Sé bien que la carne de res de por acá tiende a ser dura, correosa, con cordones de grasa sólida, de consistencia plástica. Pero no me atrevo a sugerirles otro plato para evitar malentendidos. Tras breve espera nos traen el almuerzo. Las porciones son más pequeñas que antes. Las de las carnes, y las guarniciones. El arroz congrí viene en platitos para postre. La yuca ya no es una fuente generosa sino unos cuadritos, apenas aderezados, servidos en otro plato diminuto.

Para colmo, ya no hay maestría guajira en la hechura.
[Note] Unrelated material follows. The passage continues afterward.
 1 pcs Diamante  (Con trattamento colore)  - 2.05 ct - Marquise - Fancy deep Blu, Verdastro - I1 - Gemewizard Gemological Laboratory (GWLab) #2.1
Pido un mojo para regar la carne frita que he pedido -dura, mal cocida- y tengo que explicarle a la mesera qué es ese mojo que le solicito. Cuándo se ha visto que pinareños coman sin un mojo de manteca de cerdo con ajo y naranja agria en la mesa, me asombro.

Mis invitados mastican su bistec de res con visible esfuerzo. “Está muy duro…”, dicen al fin. En algún momento se sacan de la boca un amasijo intragable y se lo lanzan a los perros que, sabios, se habían sentado a esperar a unos metros de distancia.

Mi hija corta su chuleta de cerdo. Huele a podrido. Esta carne huele a podrido, le digo a la mesera que acudió presurosa a mi llamado. Elevo el plato y lo acerco a la cara de la muchacha. Lo huele y da un discreto respingo. Sin decir palabra se lo lleva a la cocina. Regresa tras unos instantes, nos ofrece una amable disculpa. Le puedo traer pollo, si la muchacha (mi hija) gusta.


Pero la magia del regreso, sobre el que Joaquín Sabina alerta -nunca regreses a donde fuiste feliz-, estaba hecha añicos, mi hija asqueada, yo decepcionado.

Descontaron la chuleta de la cuenta, ya moderada de por sí, lo cual fue la única buena noticia. Los bistecs de res no, que duro no es lo mismo que putrefacto. Nos marchamos del lugar con la certeza de que solo regresaremos a los recuerdos de tiempos mejores y ya nunca a este restaurante campestre, que está a la orilla de la autopista Nacional, en la entrada a Soroa, y cuyo nombre he olvidado.